2026-05-12 FDA Warning Letter: Dough-To-Go, Inc. Cited for CGMP/Hazard Analysis/Risk-Based Preventive Controls for Food/Adulterated
Letter issued · posted to fda.gov .
Subject as published: CGMP/Hazard Analysis/Risk-Based Preventive Controls for Food/Adulterated
TL;DR
The short version: FDA issued a Warning Letter to Dough-To-Go, Inc. on 2026-05-12 citing: CGMP/Hazard Analysis/Risk-Based Preventive Controls for Food/Adulterated. Full letter: https://www.fda.gov/inspections-compliance-enforcement-and-criminal-investigations/warning-letters/dough-go-inc-727845-05122026
Argus analysis
Dough-To-Go, Inc. (MARCS-CMS 727845) received an FDA Warning Letter dated May 12, 2026 from the Human Foods Program. The letter cites: CGMP/Hazard Analysis/Risk-Based Preventive Controls for Food/Adulterated. FDA posts Warning Letters to fda.gov after an internal review period; this one was made public on June 2, 2026.
CGMP citations typically reference 21 CFR Part 211 (finished pharmaceuticals) or Part 111 (dietary supplements), covering subjects such as identity testing of incoming components, validated cleaning procedures, batch-failure investigations, and stability program design. Repeat or systemic findings are what typically drive FDA toward import alert or consent decree escalation.
FDA Warning Letters typically specify a 15-working-day response window for the recipient to detail corrective actions. Compliance teams at peer companies in the same CGMP (Current Good Manufacturing Practice) category commonly use a newly published letter as a prompt to re-check their own procedures against the same citation, and to watch fda.gov for a close-out letter confirming the cited firm's corrective action was accepted — or, absent one, for escalation to import alert, injunction, or product seizure.
Severity context
Critical severity.
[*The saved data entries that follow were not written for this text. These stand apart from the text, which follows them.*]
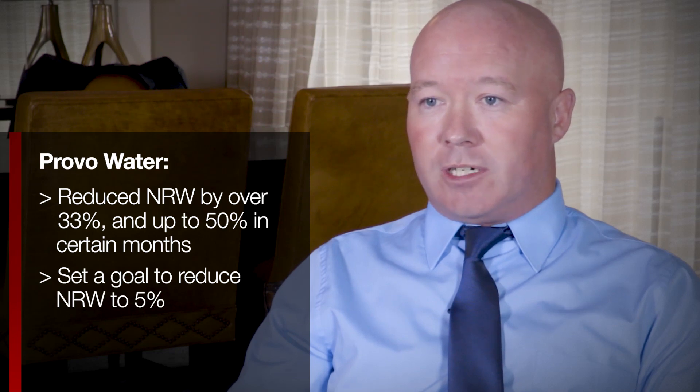We managed within six months to reduce our NRW by over a third, and close to 50% for certain months. Our long-term aim is to get NRW down to 5%, which is really a world-class level for NRW.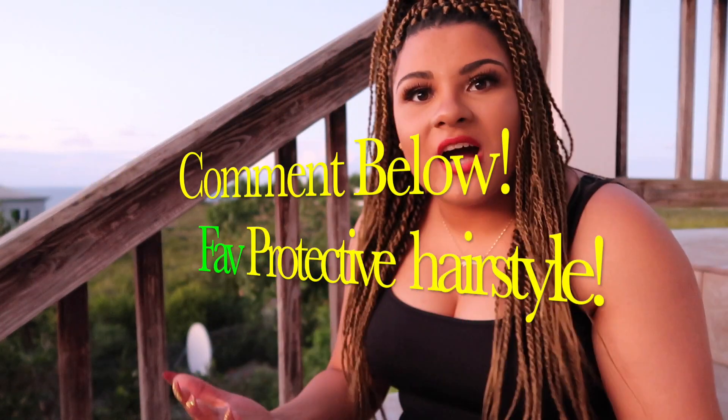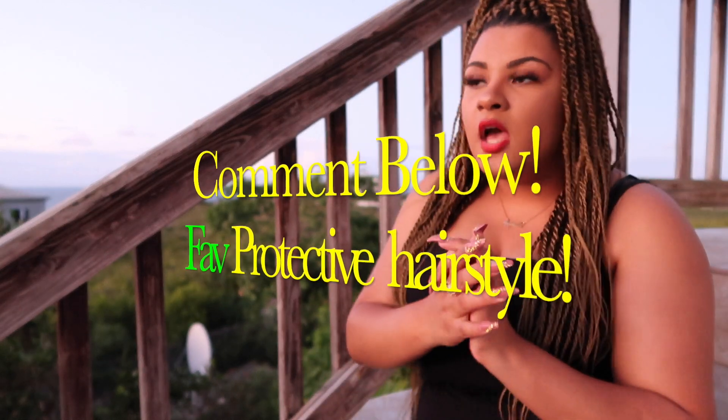I encourage you guys to get on the wagon — to get a protective style that works for you, that is low on manipulation and that you can keep in for an extended period of time. You will see a change, you will see an improvement in your hair. You will definitely see an improvement and a change in the health of your hair, and at the end of the day that is really what is important. And the perk is that you get to retain some length along the way.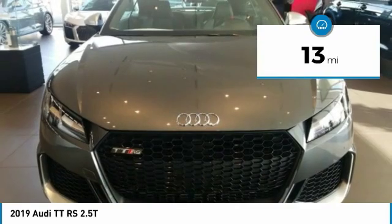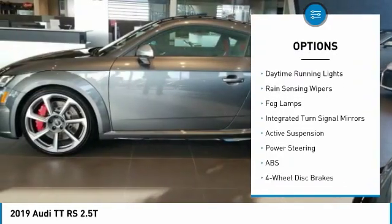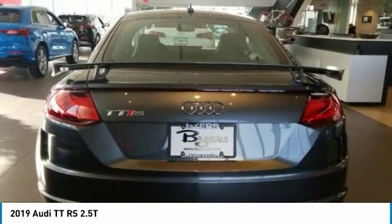Here are some of this vehicle's great options: turbocharged, heated mirrors, all-wheel drive, aluminum wheels, rear spoiler, brake assist, daytime running lights, rain-sensing wipers, fog lamps, and integrated turn signal mirrors.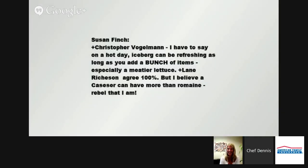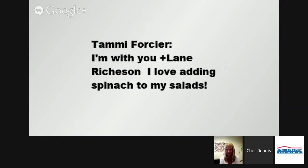Susan Finch mentions iceberg can be refreshing — yes, it can be refreshing and it's a good source of water on a hot day. We love that wedge salad with blue cheese, tomatoes, and onions. We're not dissing iceberg — we're just saying when you eat a salad, bring out the other greens too. Tammy Forcier and Lane Richardson love adding spinach to the salad. My personal favorite is probably arugula. Have you ever made an arugula pesto? I actually made one with pistachios instead of pine nuts — really tasty! Baby kale is big now too — there's so many alternatives to make things more interesting. And butter lettuce is wonderful.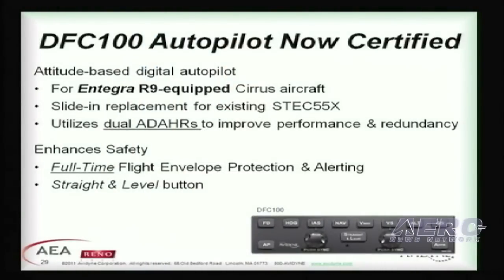We also just recently announced the certification of our DFC-100 autopilot for Integra-equipped Cirrus aircraft. This is designed as a slide-in replacement for the 55X, and it utilizes the dual ATAHARs from the Integra Release 9 system and adds significant safety enhancements, including flight envelope protection and alerting, as well as a straight and level capability.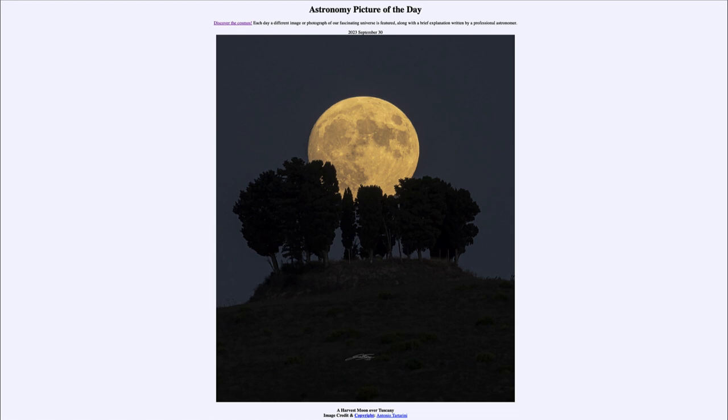Today's picture for September 30th of 2023 is titled 'A Harvest Moon over Tuscany.'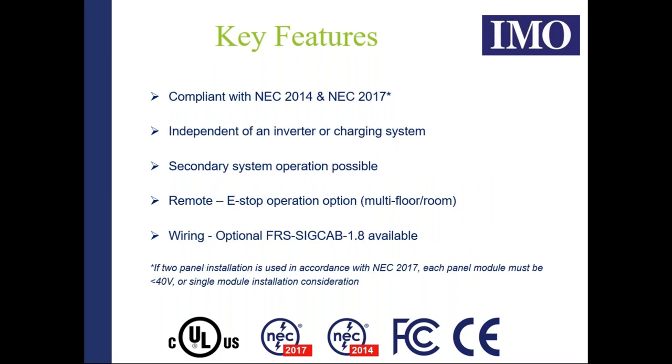We're compliant with both NEC editions. The one caveat is when using the Fire Raptor for a two-panel installation: if your panels are greater than 40 volt modular voltage, you must use one Fire Raptor per panel. The system is independent of the inverter or charging system — it is a totally self-contained unit, not dependent upon any external influences.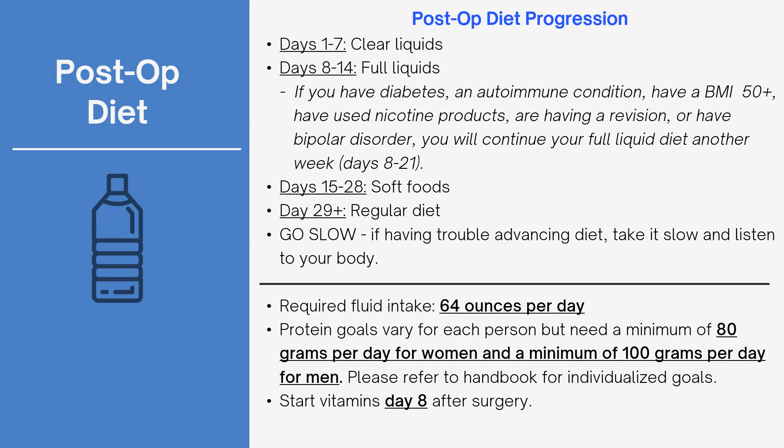Your staple line or anastomosis site is not fully healed until approximately six weeks post-op. If you were to develop a leak, it could take up to six months to heal. Your regular textured diet begins at week five or six depending on your diet progression after surgery.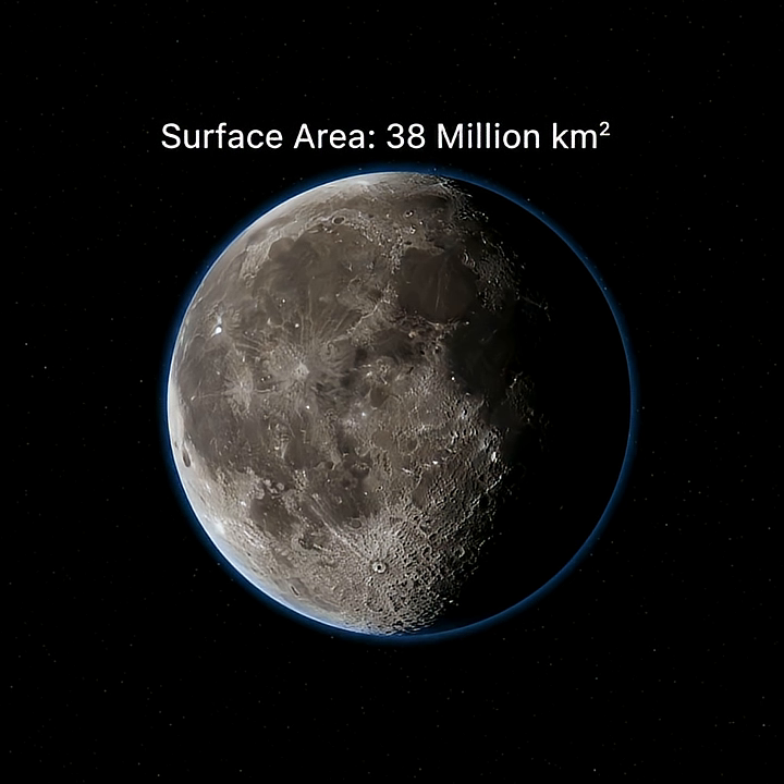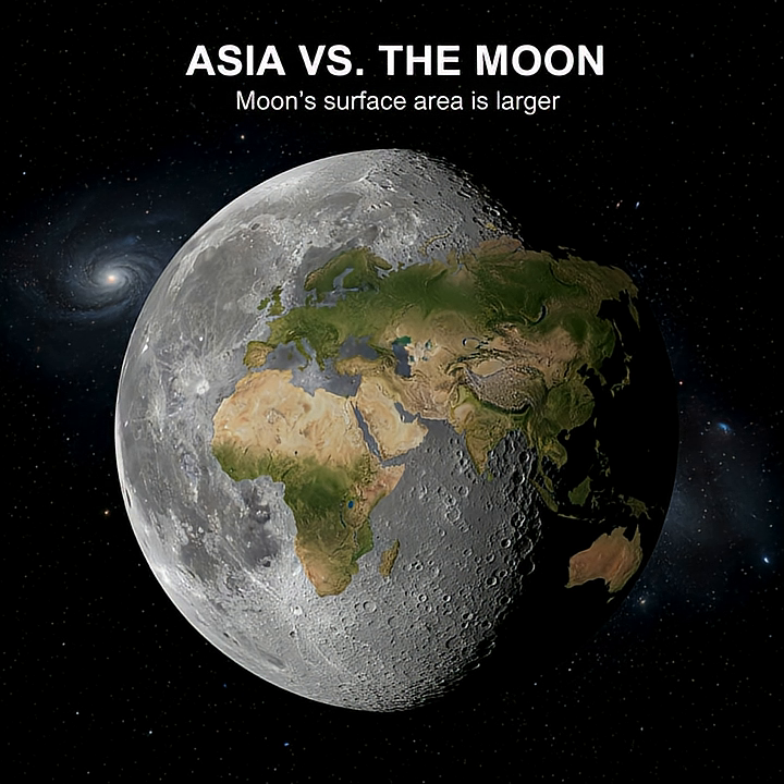The total surface area of the Moon is a colossal 38 million square kilometers. To put that into perspective, you could take the entire continent of Asia, the largest continent on Earth, and it would still not cover the Moon's surface.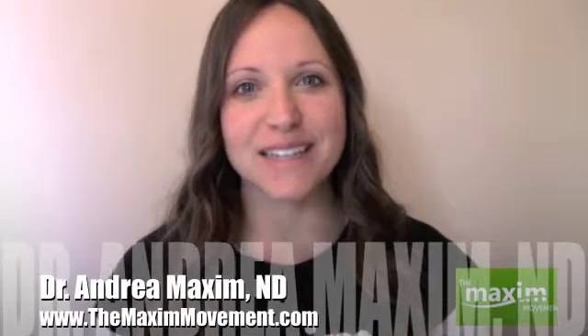Hi, I'm Dr. Andrea Maxim, naturopathic doctor and the creator of The Maxim Movement. My website can be found below and I want you to take a moment before we get started to hit that subscribe button. I try to post as many videos as I can on how you can start maximizing your health and I don't want you to miss any.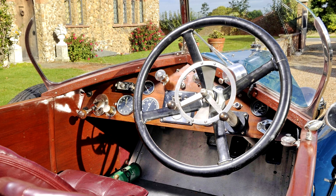Records show that only 11 Wensums were built in Vauxhall's repair and racing shop between 1924 and 1927, and they proved outstandingly successful in competitions at both Brooklands and Chelsea-Walsh.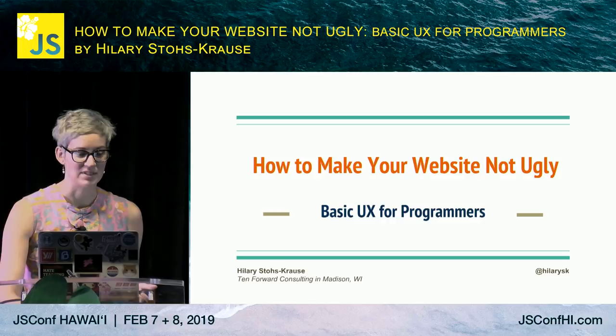I'm going to be talking about how to make your website not ugly, which I think everyone can agree is a good thing.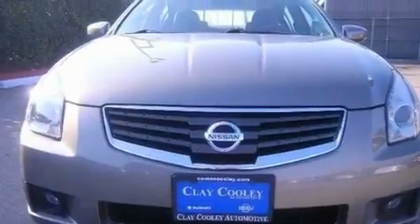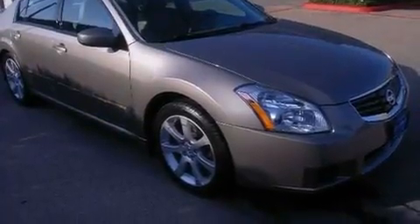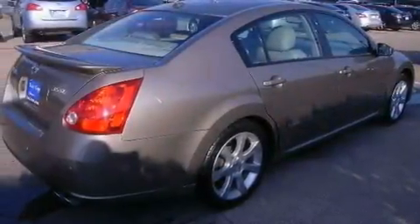Its top features include a power driver's seat, air conditioning with automatic climate control, cruise control, a CD player, and a multi-link rear suspension.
Typically reserved for data integrity, sterile-product CGMP, or repeat violations — matters that historically precede injunctions, consent decrees, or import alerts.
Regulatory background
CGMP citations typically reference 21 CFR Part 211 (drugs) or 21 CFR Part 600 (biologics). Common subjects include identity testing of incoming components (211.84), validated cleaning procedures (211.67), and stability program design (211.166).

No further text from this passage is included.